Now finally to the subject that opened this blog... people did write me their ideas about languages and the impact of semantic clouds on real life. A number of personal communications are related to the impact of semantic space on cultural adaptations when relocating to other countries/cultures. And a high number of such communications is about how two diverging semantic clouds can fight within the very same person.

I can hear many of you asking themselves questions like what the hell does he mean? I mean children being born in mixed couples. People who are exposed to two or more semantic spaces but are never told about what semantics is.

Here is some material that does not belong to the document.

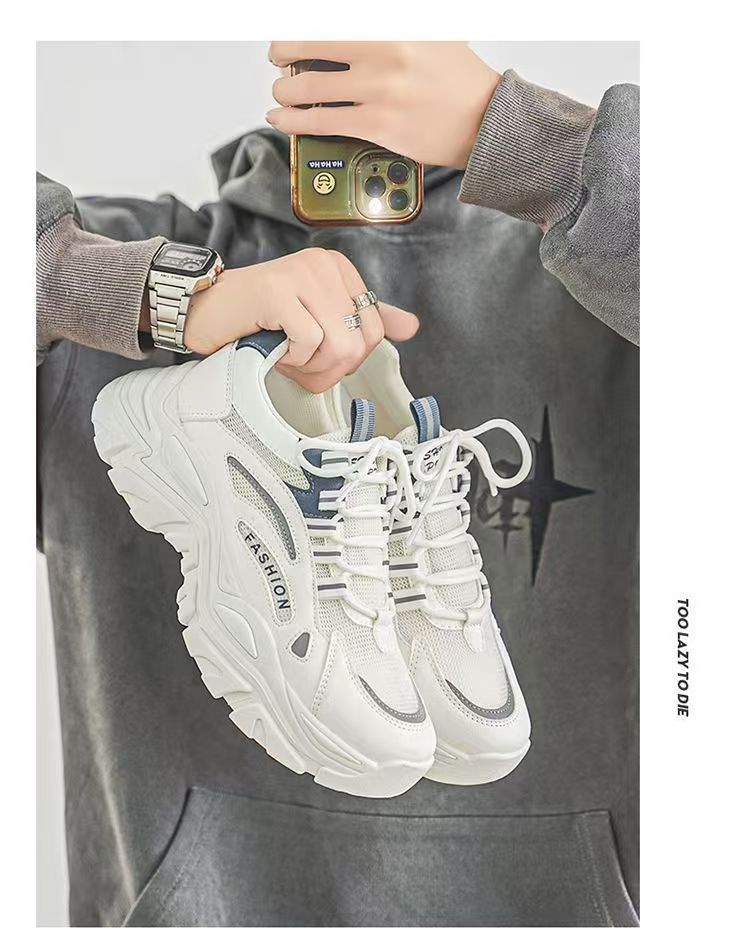 Ademende platform sneakers voor heren met colourblock detail 8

People who eventually may end up in interpreting this clash in the usual way a kid would: as an answer to one parent's question do you like ME better? any time mom's cloud says one thing about an issue, and dad's cloud says another. Not to speak about the fact that society and school may well say a third thing.

So in the end I am starting to realize a few things:

  1. Semantics are far from being a linguist's tool, they actually are a field for

    • Mental Heath Care

    • Integration policies

    • Self-awareness

  2. None of the politicians who pretend to rule the planet is going to realize this. Whatever we will do to generate a better grasp of Semantics and their impact on real lives, we will do alone.

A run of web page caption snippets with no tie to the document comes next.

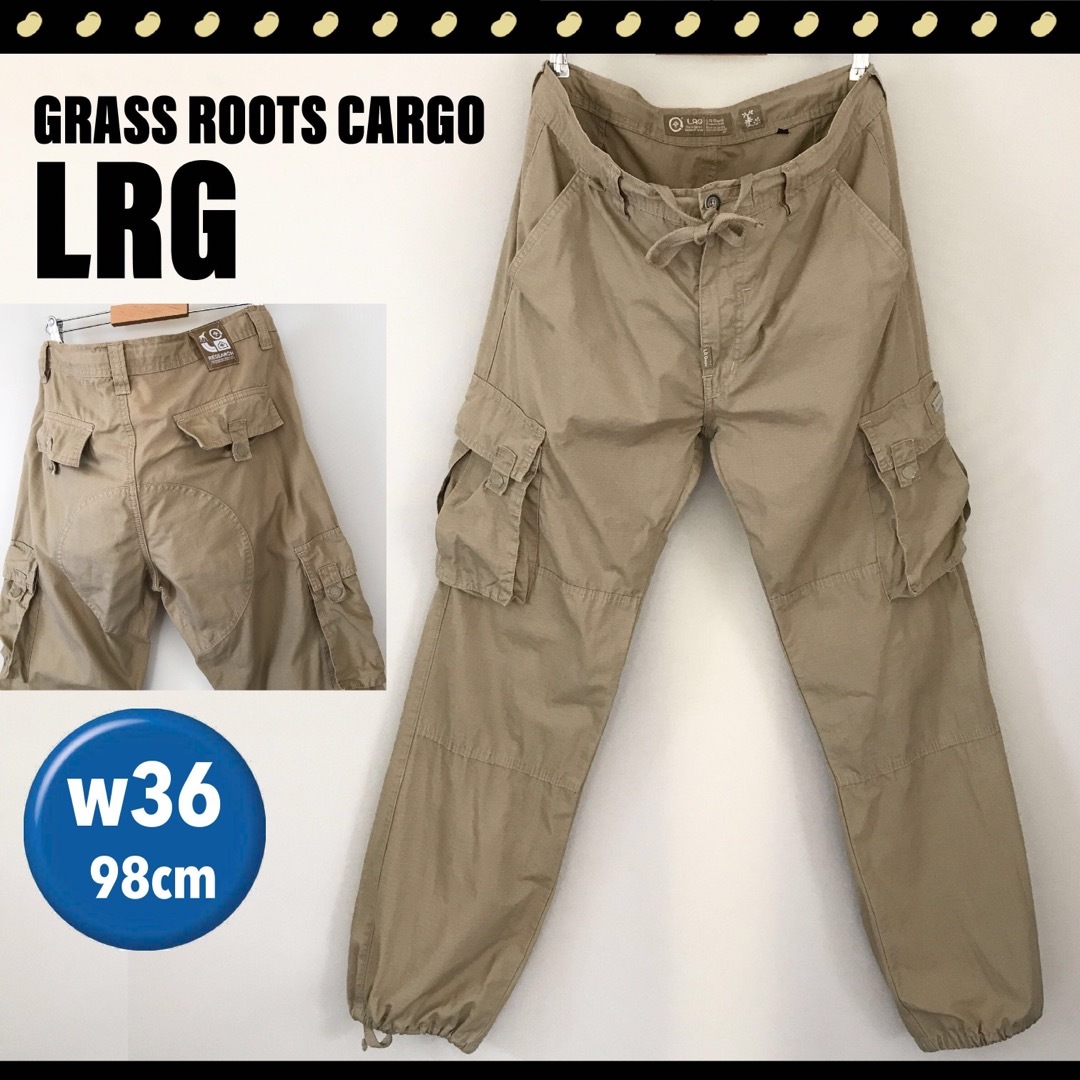 LRG☆グラスルーツカーゴ☆イージーパンツ☆リップストップ☆w36/98cm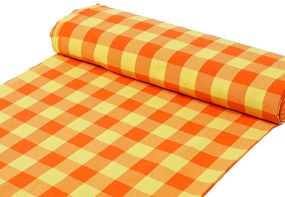 Biante Bavlnený štvorcový obrus Olivia OL-003 Oranžovo-žltá kocka veľká 140x140 cm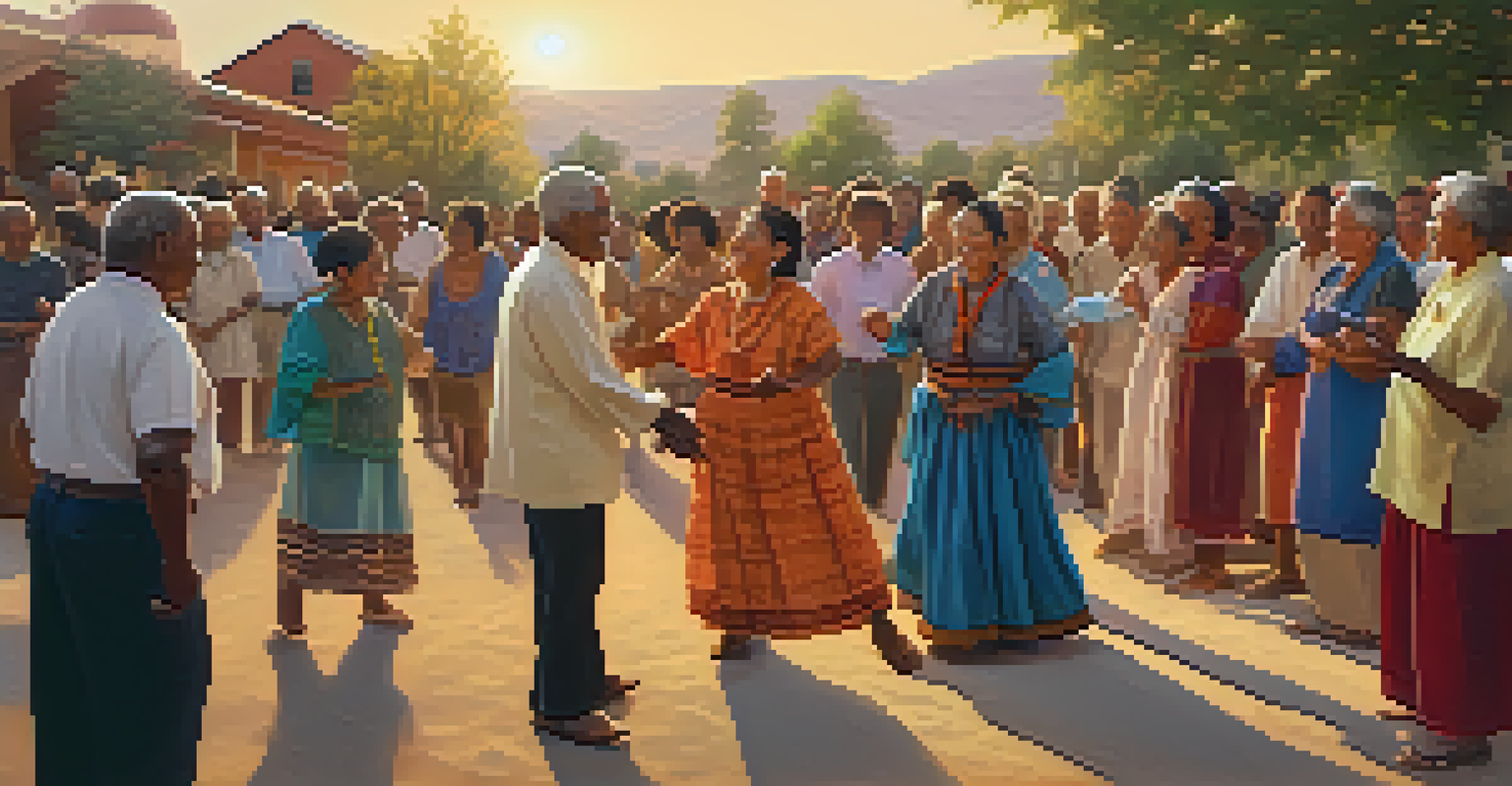 A group of elders teaching traditional dance to younger participants in a sunny outdoor setting, showcasing joy and cultural connection.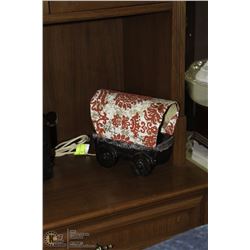 ANTIQUE POTTERY WAGON LAMP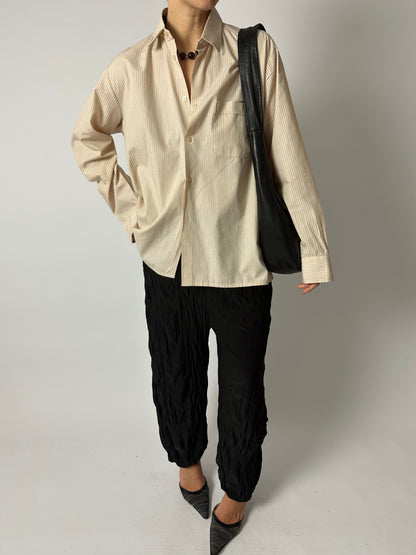 Relaxed striped shirt | Ecru
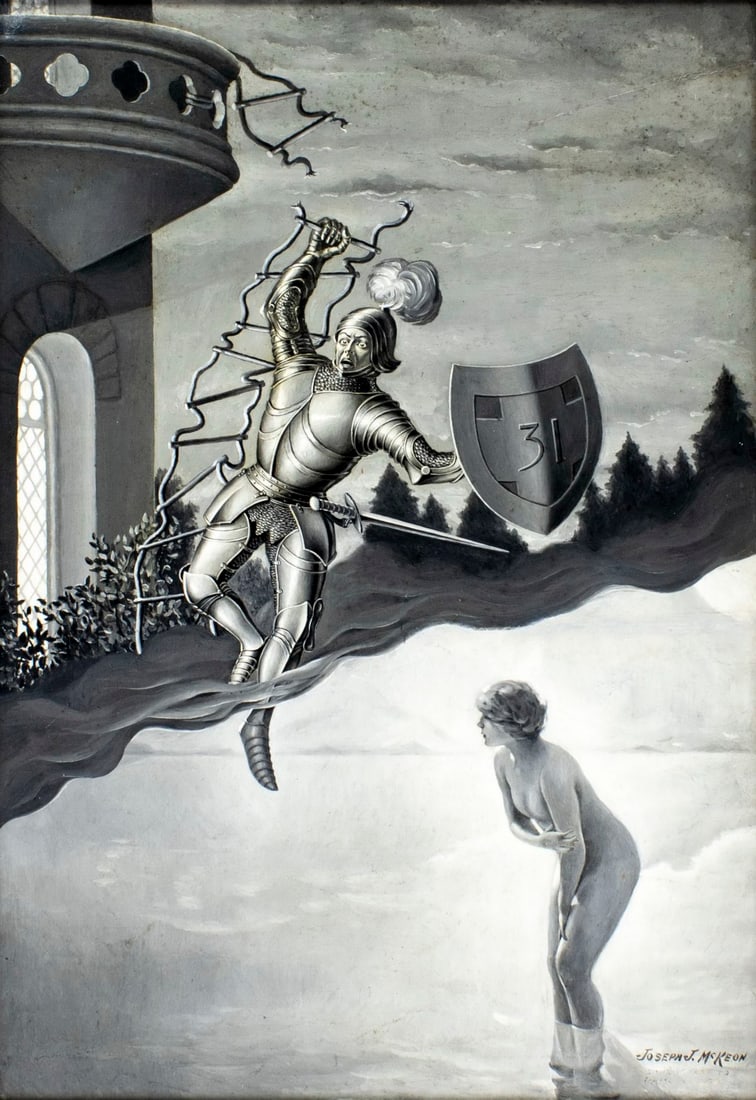 Joseph J McKeon (US,early 20C) oil painting antique: ARTIST: Joseph J McKeon (American, early 20 century) TITLE: Help! - The End of an August Knicht MEDIUM: oil on board CONDITION: One horizontal repaired crack. Few minor pain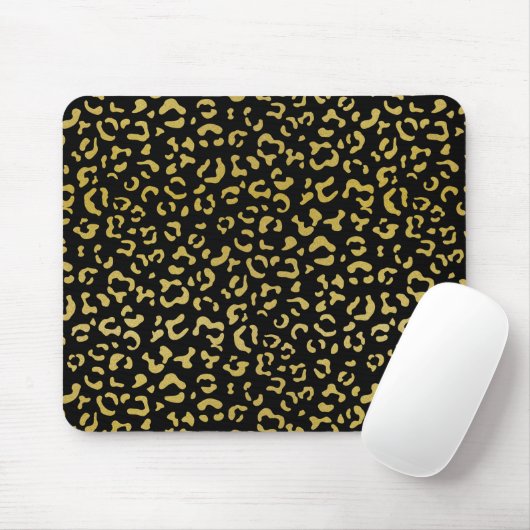 Gold Leopard, Gold Glitter, Leopard Pattern Muismat (Met muis)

I will come back on this, sometimes in the future. I am the father of a daughter who is half-Russian/Ukrainian and half Piedmontese myself. Since this is a responsibility I have towards my own child, I think I will share the results of whatever I can do for her.

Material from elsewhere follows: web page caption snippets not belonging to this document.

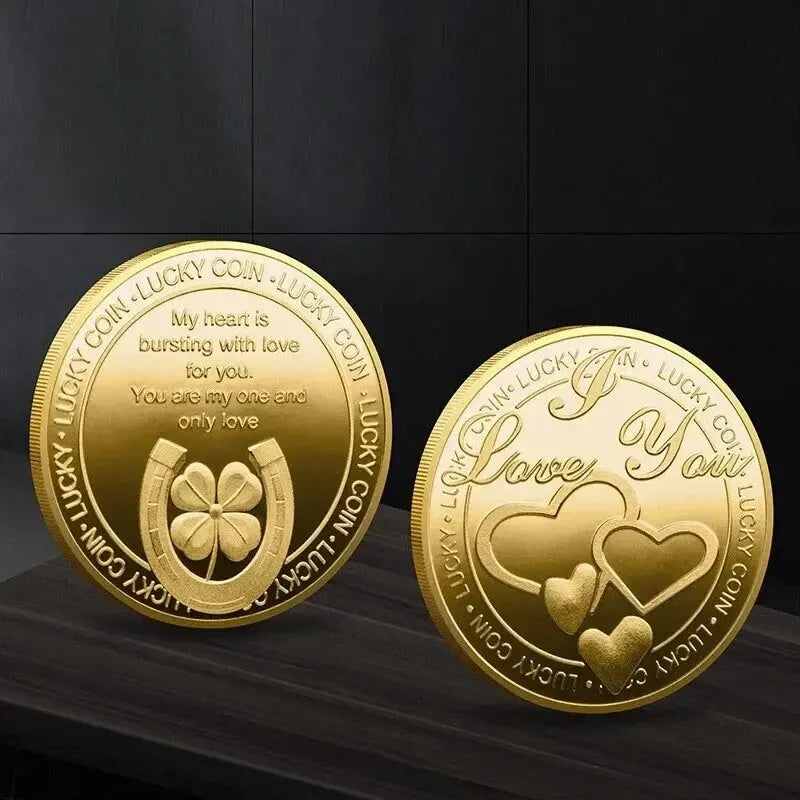 Gold Plated Bitcoin Commemorative Coin | Crypto Collector Gift Commemorative Coin Oasis Select LOVE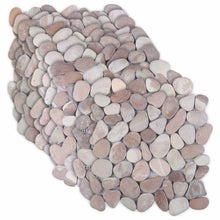 Kiezeltegels Beige en Lichtroze 30 x 30 cm Rivierenkiezel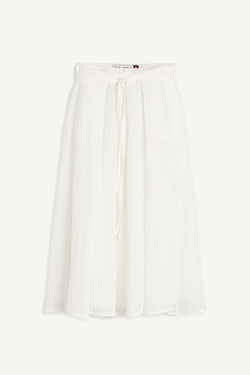 ZARA ЮБКА МИДИ СО СРЕДНЕЙ ТАЛИЕЙ, ЖЕЛТОВАТО-БЕЛЫЙ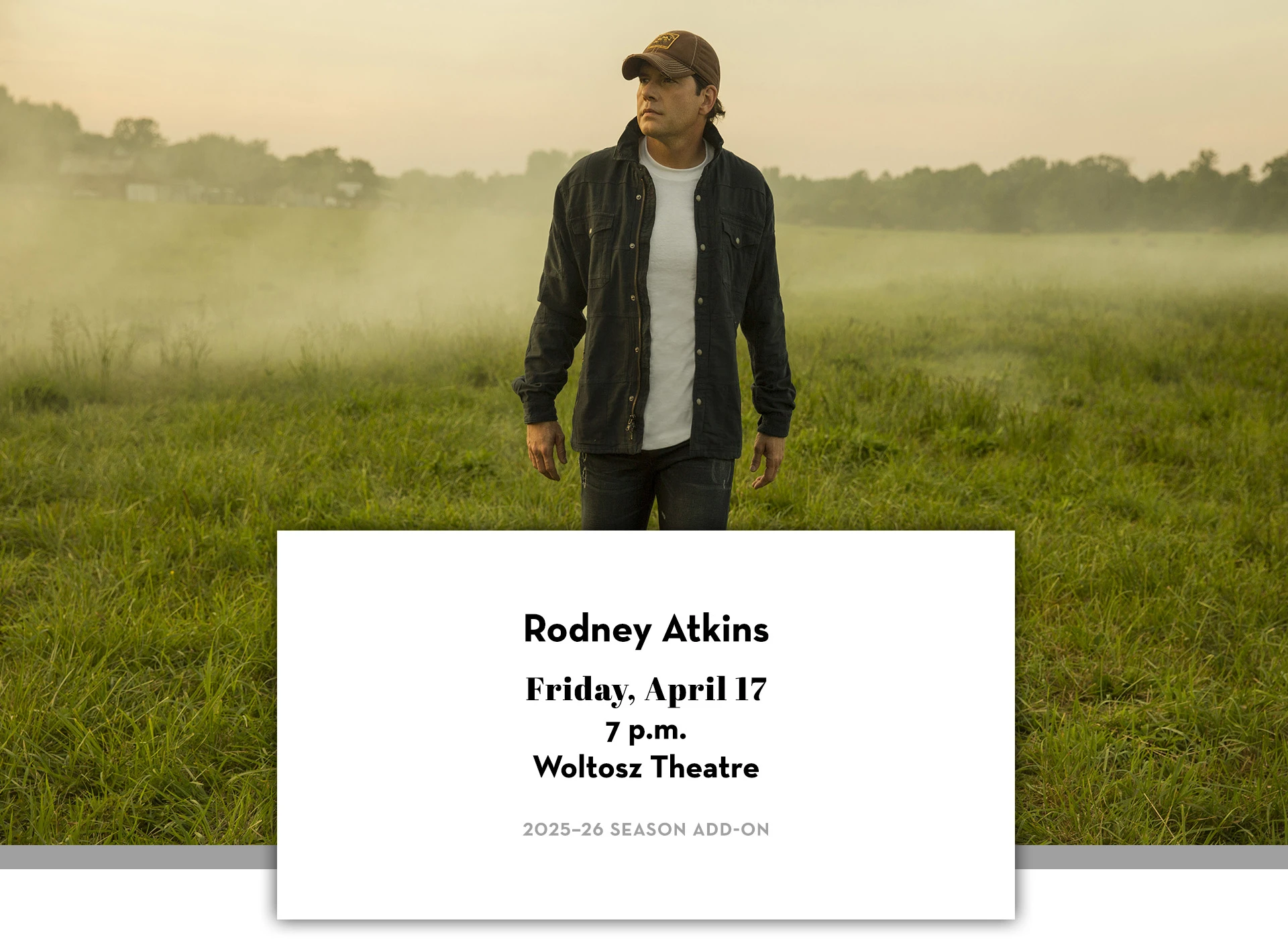 Country singer Rodney Atkins will perform at the Gogue Center on Friday, April 17, 2026, at 7 p.m.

Maybe it will also help other parents and young people who have a lot of questions in mind. I remain firmly convinced that nothing is positive or negative in itself. I myself lived through a number of problems deriving from semantic divergences in my own family, the result is that I got quite skilled in analysing what language is. So my road will be towards giving the people a better understanding of what lies under the words we use to think.

When implicit relational

The choice of Latin is an unfortunate one. With the ever expanding list of recognised newly minted Latin words as recognised by the Vatican, the truth of Latin as a language that has been continuously used is overwhelming. It is exactly because of the authoritative nature of this Vatican resource that the argument that Latin is a dead language is broken.
When people write in ancient Greek there is no universally accepted list of neologisms. It is for languages like ancient Greek that your argument rings true, not for Latin.
Thanks,
GerardM

You are wrong here, Gerard.

You are wrong here, Gerard. Latin is the exact choice because it did change a lot, up to the point in which it originated the Romance languages. Yet, much before that, the semantic clouds associated with Christian and Late Antique Latin are significantly different to those associated with Classical Latin.

I'm reading a fantastic compilation of sociological studies about the early Byzantine Empire, and about the evolution of the social conception brought about by Christianity. There is absolutely no way in which you can mix the semantic conceptions of (say) a Classical writer of the I century BC and the writings produced (albeit both are in Latin)  in the VI century AD.

When such a tremendous social discontinuity occurs, you need a firm reference for the reader to set a context. If you tell people that Cicero and Justinian the Great can be interpreted within a single semantic framework you only end up confusing people. 

As said, I have no request to close a Latin wikipedia, neither do I want close the door to the use of any dead (or half-dead) language. But a clear reference is needed, people may not be lead to think that a text in the Latin wikipedia can be even remotely compared to Cicero. It's two different things, they must bear two clearly different  labels.No more than that.